Pick every line out of the entries below that holds the string "Pajama", and report them.

•••••

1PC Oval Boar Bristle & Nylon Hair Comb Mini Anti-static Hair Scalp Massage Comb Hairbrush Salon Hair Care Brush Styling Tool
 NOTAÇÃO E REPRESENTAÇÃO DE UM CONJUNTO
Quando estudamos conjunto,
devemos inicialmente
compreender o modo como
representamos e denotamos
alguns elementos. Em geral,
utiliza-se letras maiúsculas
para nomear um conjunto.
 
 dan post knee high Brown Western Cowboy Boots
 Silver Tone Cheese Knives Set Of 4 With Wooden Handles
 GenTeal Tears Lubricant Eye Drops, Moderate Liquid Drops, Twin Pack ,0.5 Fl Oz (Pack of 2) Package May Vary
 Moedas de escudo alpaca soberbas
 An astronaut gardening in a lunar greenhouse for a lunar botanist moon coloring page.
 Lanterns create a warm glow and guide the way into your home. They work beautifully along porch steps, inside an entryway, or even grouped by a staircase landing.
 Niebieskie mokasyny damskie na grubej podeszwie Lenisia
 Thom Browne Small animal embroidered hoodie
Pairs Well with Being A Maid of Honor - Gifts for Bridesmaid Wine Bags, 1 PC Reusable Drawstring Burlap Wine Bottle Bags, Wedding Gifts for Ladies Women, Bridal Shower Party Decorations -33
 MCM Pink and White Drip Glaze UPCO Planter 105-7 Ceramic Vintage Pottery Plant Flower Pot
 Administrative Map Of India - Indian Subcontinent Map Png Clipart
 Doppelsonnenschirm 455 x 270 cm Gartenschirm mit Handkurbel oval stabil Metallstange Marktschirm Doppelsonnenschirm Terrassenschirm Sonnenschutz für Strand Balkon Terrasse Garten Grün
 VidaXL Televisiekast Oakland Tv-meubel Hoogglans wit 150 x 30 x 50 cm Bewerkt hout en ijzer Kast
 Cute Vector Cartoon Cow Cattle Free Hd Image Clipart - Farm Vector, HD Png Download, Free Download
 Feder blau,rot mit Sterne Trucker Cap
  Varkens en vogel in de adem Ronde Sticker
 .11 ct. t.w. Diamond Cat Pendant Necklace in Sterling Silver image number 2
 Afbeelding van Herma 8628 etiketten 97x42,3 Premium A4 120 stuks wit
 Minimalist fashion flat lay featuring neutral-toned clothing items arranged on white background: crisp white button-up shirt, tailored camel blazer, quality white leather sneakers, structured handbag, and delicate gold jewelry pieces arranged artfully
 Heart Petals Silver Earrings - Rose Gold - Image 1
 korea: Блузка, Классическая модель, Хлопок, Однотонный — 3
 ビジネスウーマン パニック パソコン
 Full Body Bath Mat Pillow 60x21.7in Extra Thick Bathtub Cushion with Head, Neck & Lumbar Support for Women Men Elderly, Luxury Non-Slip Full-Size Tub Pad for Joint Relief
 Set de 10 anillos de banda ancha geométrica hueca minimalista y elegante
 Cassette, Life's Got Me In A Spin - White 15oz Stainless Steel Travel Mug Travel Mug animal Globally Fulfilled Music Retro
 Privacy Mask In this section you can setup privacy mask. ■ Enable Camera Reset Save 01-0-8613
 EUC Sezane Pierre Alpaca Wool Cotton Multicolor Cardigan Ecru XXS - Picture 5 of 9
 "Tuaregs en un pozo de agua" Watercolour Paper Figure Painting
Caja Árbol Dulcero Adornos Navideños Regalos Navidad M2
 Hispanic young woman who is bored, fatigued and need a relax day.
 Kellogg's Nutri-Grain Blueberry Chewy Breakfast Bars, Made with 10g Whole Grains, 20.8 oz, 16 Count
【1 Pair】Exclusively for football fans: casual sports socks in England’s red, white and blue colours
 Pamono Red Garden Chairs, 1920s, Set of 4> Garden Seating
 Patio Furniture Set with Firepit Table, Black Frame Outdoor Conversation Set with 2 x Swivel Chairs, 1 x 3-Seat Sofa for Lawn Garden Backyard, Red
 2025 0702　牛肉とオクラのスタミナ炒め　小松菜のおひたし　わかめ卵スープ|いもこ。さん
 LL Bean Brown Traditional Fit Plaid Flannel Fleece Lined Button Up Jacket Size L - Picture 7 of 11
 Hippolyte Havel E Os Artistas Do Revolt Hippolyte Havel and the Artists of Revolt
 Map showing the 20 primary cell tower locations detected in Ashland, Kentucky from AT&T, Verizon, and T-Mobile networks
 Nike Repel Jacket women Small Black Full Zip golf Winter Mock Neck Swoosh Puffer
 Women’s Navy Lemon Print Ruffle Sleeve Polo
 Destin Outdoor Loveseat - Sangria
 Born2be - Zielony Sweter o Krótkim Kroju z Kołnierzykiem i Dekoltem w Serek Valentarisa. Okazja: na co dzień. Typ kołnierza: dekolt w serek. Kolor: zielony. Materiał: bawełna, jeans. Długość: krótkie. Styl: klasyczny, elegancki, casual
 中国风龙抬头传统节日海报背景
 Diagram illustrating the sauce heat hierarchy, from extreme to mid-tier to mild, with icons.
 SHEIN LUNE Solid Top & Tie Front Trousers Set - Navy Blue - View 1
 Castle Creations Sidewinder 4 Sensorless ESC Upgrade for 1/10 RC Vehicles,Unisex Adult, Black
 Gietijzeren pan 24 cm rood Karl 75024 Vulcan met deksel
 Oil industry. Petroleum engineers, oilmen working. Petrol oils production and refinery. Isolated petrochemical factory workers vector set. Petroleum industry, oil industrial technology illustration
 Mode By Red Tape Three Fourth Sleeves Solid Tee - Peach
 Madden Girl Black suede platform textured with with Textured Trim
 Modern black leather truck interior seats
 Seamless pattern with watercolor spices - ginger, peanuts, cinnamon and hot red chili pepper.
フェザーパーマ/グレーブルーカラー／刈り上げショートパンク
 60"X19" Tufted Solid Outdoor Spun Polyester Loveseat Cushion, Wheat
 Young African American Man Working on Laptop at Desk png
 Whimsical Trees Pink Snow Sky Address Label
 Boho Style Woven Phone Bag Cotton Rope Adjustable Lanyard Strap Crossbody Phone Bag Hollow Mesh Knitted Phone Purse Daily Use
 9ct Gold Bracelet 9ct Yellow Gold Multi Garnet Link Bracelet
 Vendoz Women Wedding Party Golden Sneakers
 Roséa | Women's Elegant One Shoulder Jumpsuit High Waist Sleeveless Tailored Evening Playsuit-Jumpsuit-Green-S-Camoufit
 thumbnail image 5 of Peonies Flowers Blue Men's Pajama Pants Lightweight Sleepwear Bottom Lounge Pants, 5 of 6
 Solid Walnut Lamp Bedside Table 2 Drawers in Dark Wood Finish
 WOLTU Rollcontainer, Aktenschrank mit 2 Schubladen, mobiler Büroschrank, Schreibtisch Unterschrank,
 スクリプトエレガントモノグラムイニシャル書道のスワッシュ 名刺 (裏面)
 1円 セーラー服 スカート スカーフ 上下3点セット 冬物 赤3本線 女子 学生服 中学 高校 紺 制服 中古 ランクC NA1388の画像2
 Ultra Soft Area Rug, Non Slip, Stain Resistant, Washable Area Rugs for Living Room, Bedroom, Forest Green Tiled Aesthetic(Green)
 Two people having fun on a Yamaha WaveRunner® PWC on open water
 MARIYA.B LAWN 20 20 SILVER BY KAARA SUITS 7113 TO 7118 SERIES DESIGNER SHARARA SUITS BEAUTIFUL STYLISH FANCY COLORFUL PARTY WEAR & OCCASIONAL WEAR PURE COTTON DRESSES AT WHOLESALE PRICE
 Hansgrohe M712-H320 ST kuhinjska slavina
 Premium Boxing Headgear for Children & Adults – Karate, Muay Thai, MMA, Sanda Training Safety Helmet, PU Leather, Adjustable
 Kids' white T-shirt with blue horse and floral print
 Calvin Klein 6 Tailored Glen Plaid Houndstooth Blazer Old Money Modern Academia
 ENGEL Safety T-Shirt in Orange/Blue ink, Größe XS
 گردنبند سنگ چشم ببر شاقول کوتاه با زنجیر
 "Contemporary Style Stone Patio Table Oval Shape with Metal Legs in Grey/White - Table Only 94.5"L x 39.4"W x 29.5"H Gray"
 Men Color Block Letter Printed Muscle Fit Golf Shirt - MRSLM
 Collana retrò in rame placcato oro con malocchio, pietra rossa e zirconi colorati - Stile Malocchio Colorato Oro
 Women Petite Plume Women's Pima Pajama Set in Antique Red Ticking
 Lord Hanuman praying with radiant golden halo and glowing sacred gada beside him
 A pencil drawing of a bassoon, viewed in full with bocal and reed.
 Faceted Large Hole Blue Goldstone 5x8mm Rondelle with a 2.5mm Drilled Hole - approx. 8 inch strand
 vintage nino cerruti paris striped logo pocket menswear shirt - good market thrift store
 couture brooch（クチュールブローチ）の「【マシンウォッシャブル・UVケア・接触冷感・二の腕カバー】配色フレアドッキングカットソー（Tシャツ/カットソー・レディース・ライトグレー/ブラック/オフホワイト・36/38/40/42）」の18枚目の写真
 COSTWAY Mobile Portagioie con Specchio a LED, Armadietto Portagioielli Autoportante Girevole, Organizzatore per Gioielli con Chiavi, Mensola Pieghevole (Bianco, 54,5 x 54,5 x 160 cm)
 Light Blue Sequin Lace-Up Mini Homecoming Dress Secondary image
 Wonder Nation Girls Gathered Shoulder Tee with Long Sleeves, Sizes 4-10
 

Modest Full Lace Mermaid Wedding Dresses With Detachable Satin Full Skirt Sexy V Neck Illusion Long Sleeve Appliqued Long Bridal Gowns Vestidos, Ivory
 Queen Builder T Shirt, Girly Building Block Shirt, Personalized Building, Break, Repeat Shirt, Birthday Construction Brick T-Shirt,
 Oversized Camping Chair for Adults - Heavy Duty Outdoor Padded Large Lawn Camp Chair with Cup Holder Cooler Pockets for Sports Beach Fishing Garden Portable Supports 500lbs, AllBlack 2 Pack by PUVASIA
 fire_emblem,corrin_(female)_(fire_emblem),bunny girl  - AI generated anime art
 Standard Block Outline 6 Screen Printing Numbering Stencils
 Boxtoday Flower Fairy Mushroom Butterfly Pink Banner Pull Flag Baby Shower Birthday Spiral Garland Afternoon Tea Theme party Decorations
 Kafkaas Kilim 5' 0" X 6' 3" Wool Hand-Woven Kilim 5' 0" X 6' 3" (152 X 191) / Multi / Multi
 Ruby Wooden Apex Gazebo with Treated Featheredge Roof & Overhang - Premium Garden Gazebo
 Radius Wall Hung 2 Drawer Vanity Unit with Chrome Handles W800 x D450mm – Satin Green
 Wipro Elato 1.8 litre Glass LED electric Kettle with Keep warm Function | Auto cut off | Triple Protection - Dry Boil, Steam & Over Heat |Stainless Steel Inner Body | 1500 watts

•••••

EXERCISE SOLUTION.
 thumbnail image 5 of Peonies Flowers Blue Men's Pajama Pants Lightweight Sleepwear Bottom Lounge Pants, 5 of 6
 Women Petite Plume Women's Pima Pajama Set in Antique Red Ticking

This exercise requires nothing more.